PROBLEM REQUIREMENTS — Your task is to retype the lines from the opening of the material through the line that includes "Carti online | Editura Nemira". Do not copy the pictures.

SOURCE DATA —
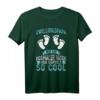 Vater von Zwillingen T-Shirt - Doppelt so cool, perfekt für Zwillingspapa & Vatertag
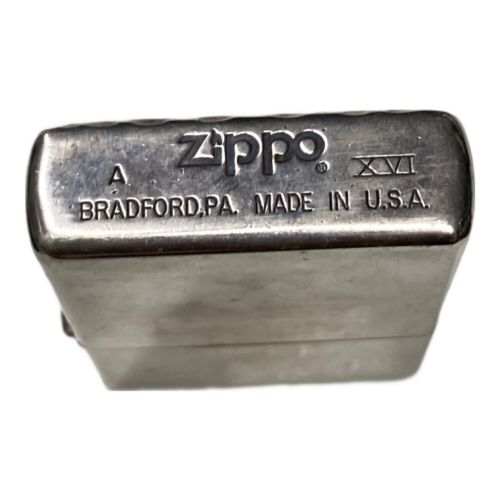 ZIPPO WARRIORS ストーン変色有 1998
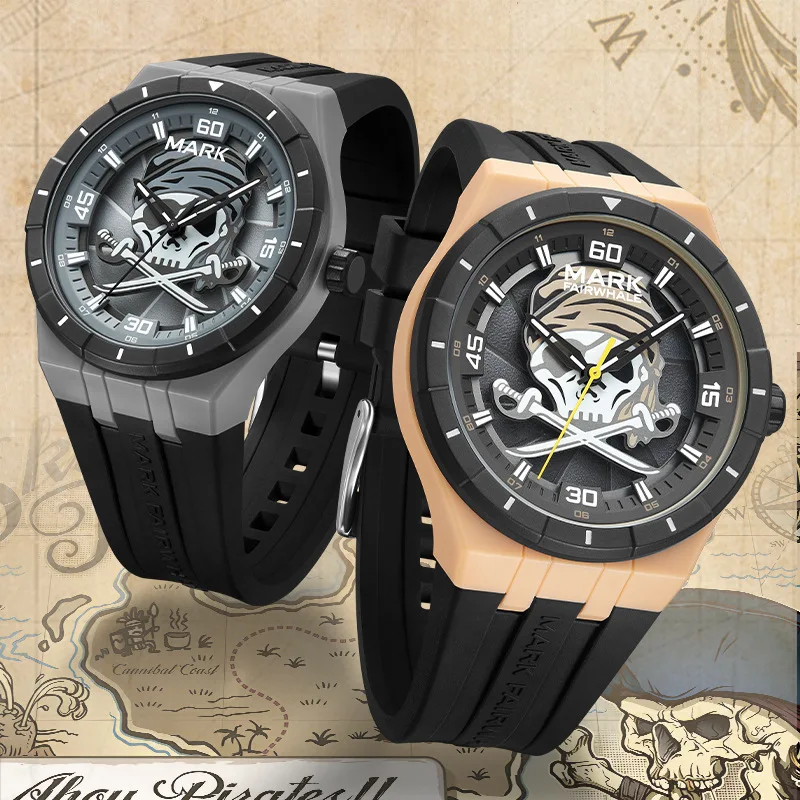 MARK FAIRWHALE Jam Tangan untu - Men'S Fashion Box ulasan dan harga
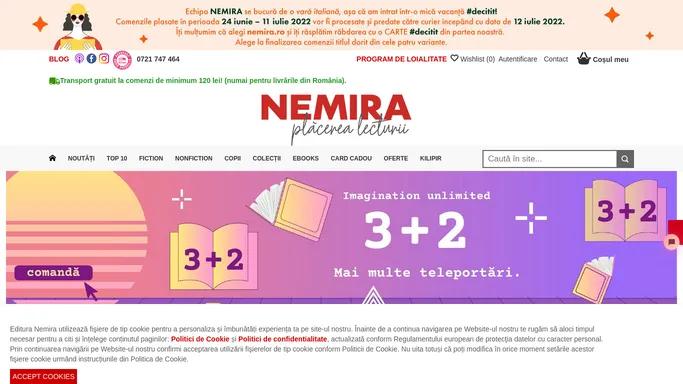 Carti online | Editura Nemira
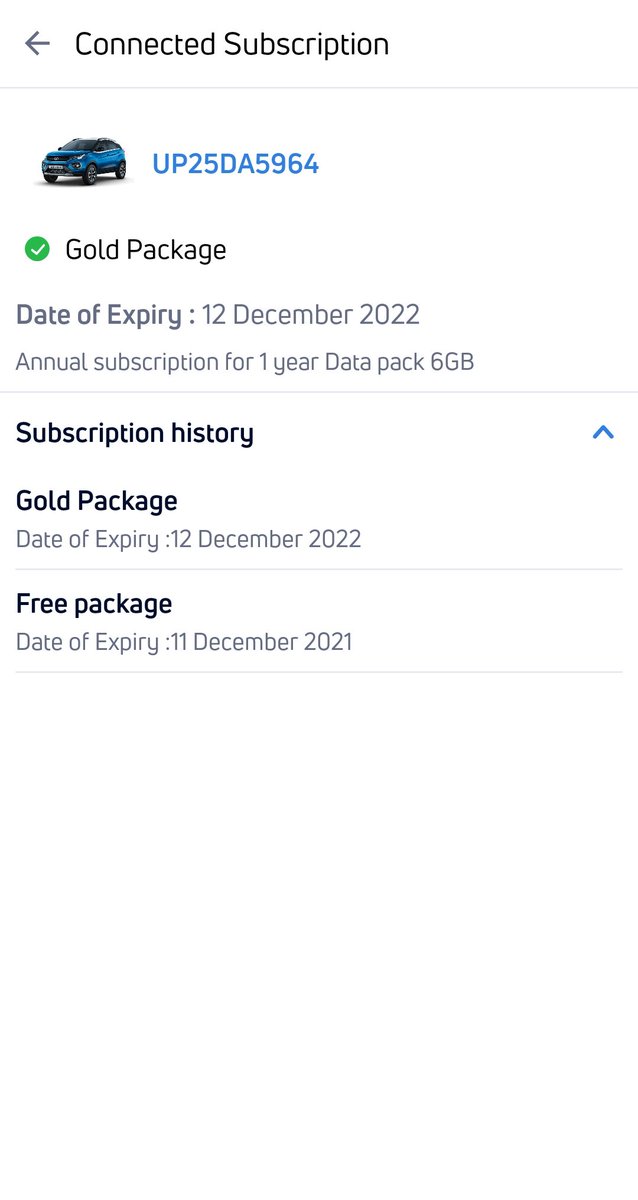 gangwar_91's tweet photo. @TataMotors @tata_cars What kind of technology your IRA app uses? Even after renewing my subscription a week back, still getting reminder notifications and error while opening the app. Please check and resolve the issue asap. https://t.co/C4kHpTzczc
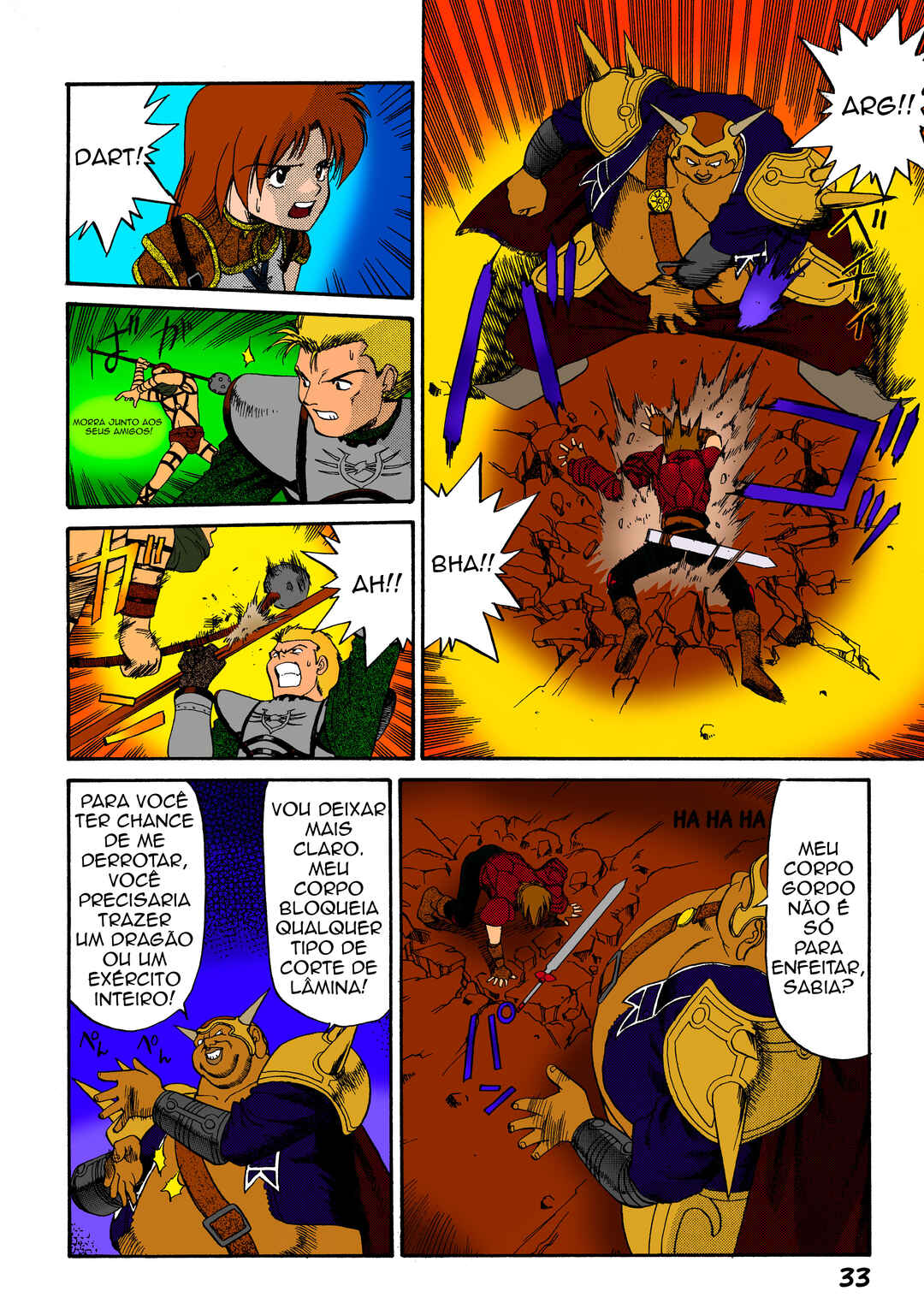 Legend of Dragoon Chapter 1 - Page 21
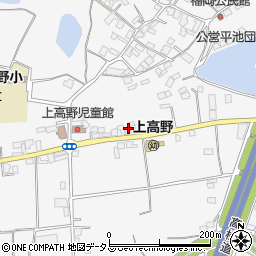 香川県三豊市豊中町上高野2569周辺の地図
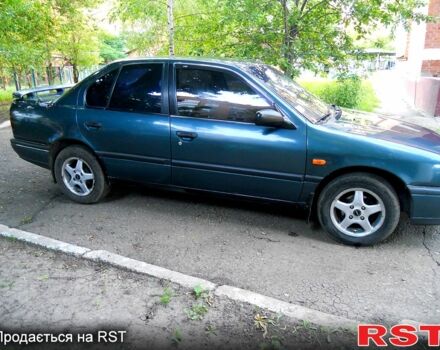 Зеленый Ниссан Примера, объемом двигателя 1.6 л и пробегом 285 тыс. км за 2000 $, фото 2 на Automoto.ua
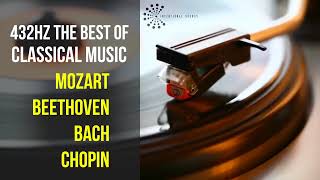 Best Classical Music 432Hz 》Mozart • Beethoven • Bach • Chopin 》Piano Violin amp Orchestral [upl. by Ettenyl]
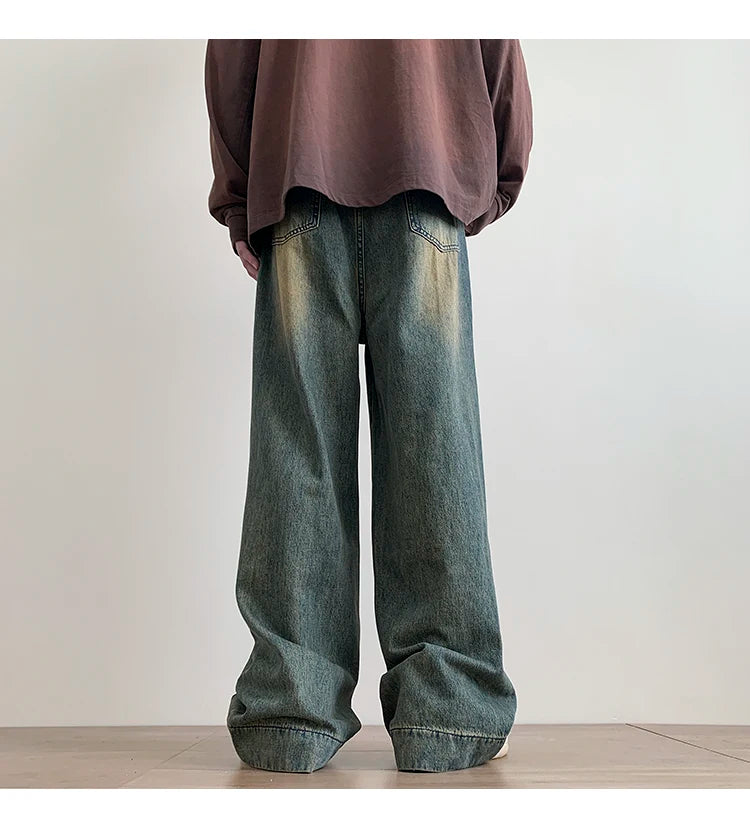 Retro Oversized Baggy Jeans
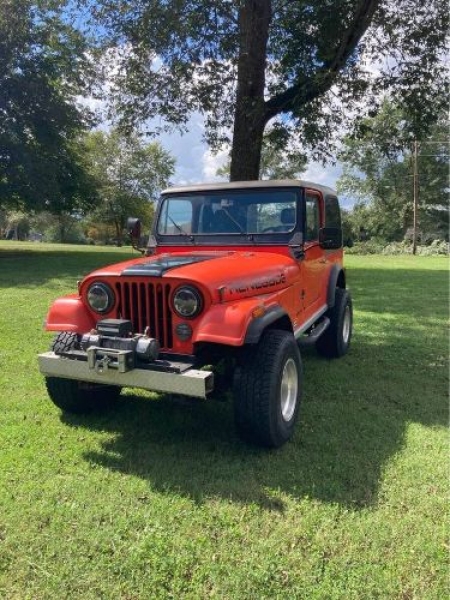 1983 Jeep CJ7 for sale in Michigan (ID-95102)
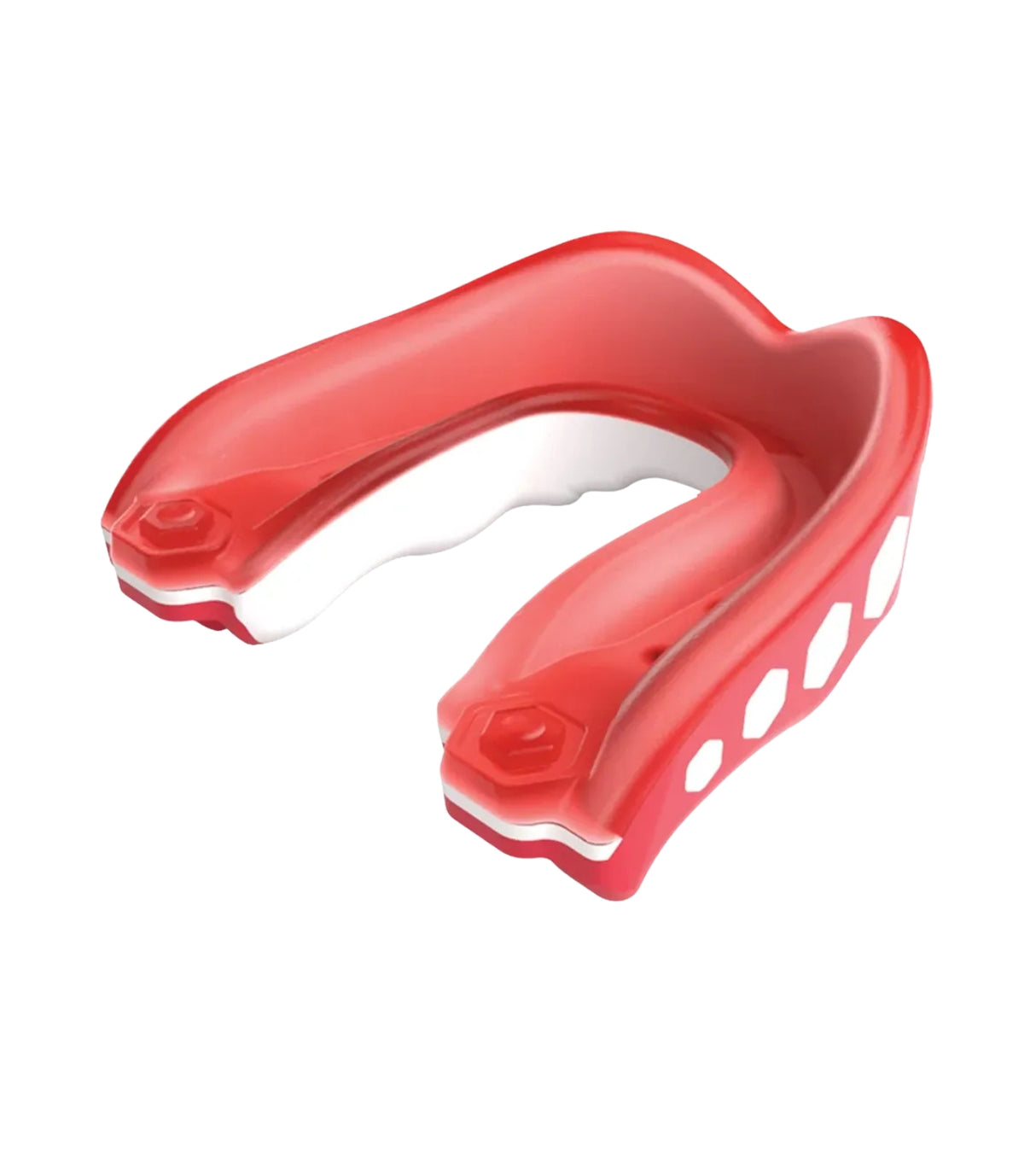 Shock Doctor - GEL MAX (Flavor Fusion Punch) Mouthguard - Red & White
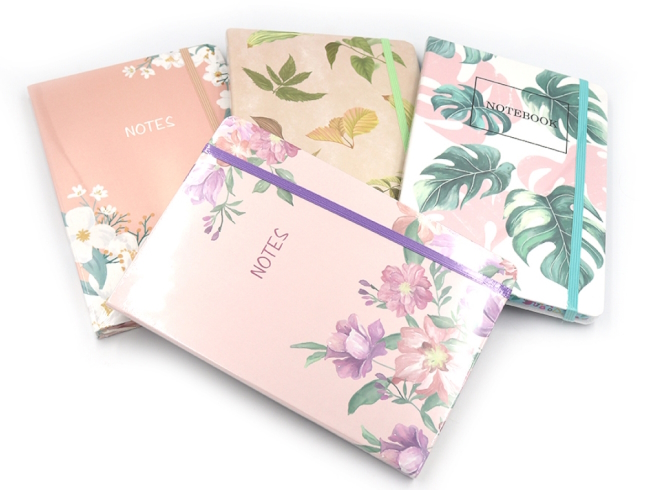 NC5017 Блокнот на гумці 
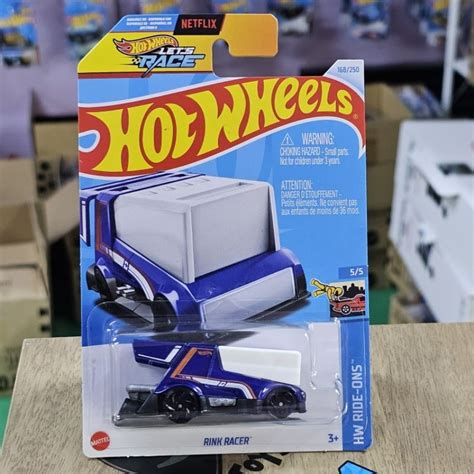HOT WHEELS RINK RACER LET S RACE NETFLIX Shopee Malaysia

WRITTEN SOLUTION —
 Vater von Zwillingen T-Shirt - Doppelt so cool, perfekt für Zwillingspapa & Vatertag
 ZIPPO WARRIORS ストーン変色有 1998
 MARK FAIRWHALE Jam Tangan untu - Men'S Fashion Box ulasan dan harga
 Carti online | Editura Nemira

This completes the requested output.